Below shows the progression of the optimization of the extrinsic prediction. The first image shows the bad initial guess, the second image shows the predicted extrinsics, the third image shows the segmentation masks (generated with Segment Anything Model 2). The shaded mask in the first two images represent where the renderer would render the object (the paper) at the given extrinsics.
We also provide some real/simulated examples that calibrate with a robot
Another example below shows it working for a mounted camera.
Install from pip
pip install easyhec
pip install "nvdiffrast @ git+https://github.com/NVlabs/nvdiffrast.git@729261dc64c4241ea36efda84fbf532cc8b425b8"Install from git (We highly recommend you create a conda/mamba environment to manage packages)
git clone https://github.com/StoneT2000/simple-easyhec
conda create -n easyhec "python==3.11"
pip install -e .
pip install "nvdiffrast @ git+https://github.com/NVlabs/nvdiffrast.git@729261dc64c4241ea36efda84fbf532cc8b425b8"The code relies on Nvdiffrast which can sometimes be tricky to setup as it can have some dependencies that need to be installed outside of pip. If you have issues installing Nvdiffrast (which provides dockerized options) see their documentation or use our google colab script.
For those who don't want to manually segment their robot images you can use SAM2. Follow the installation instructions in that repo to set it up locally. Otherwise this repo provides a simple point annotation interface to annotate provided images with SAM2 to generate segmentation maps.
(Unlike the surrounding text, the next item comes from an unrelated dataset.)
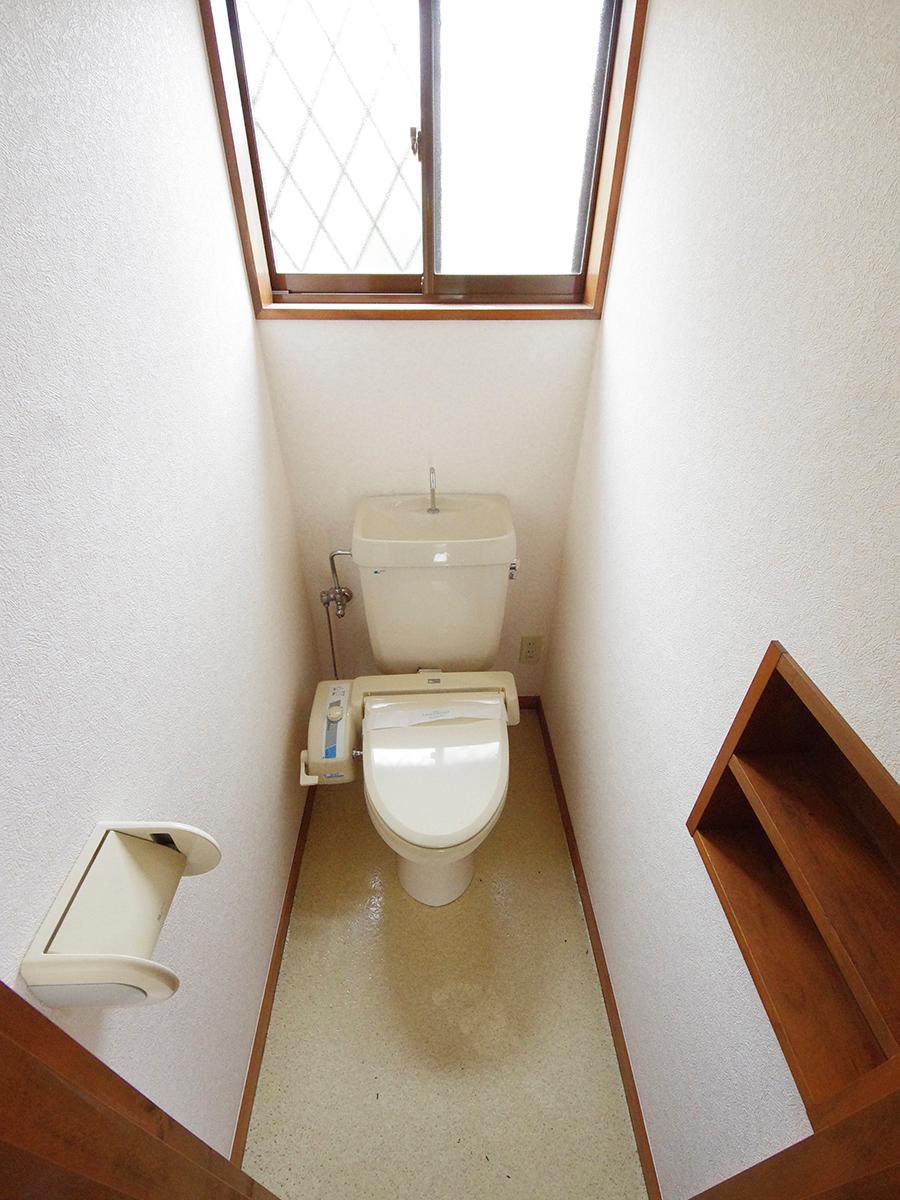 Toilet. Indoor (March 2013) Shooting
We provide two real-world examples of this codebase. One with the low-cost LeRobot SO100 Arm, and another fun example with letter/A sized paper (e.g. A4) to calibrate real cameras. We further provide a simulated example as well. While all these examples can be run with no additional code, for your own use-cases you are recommended to copy the example scripts and modify as needed. Scripts when copy-pasted should run with no python errors out of the box.
To get started make sure to install SAM2 which powers the image segmentation process. Install any packages for the real robot/cameras as necessary. If you don't have the hardware you can try this package out in simulation.
We provide some already pre-written scripts using EasyHec, but many real-world setups differ a lot. We recommend you to copy the code and modify as needed. In general you only really need to modify the initial extrinsic guess and how you get the real camera images (for eg other cameras or multi-camera setups).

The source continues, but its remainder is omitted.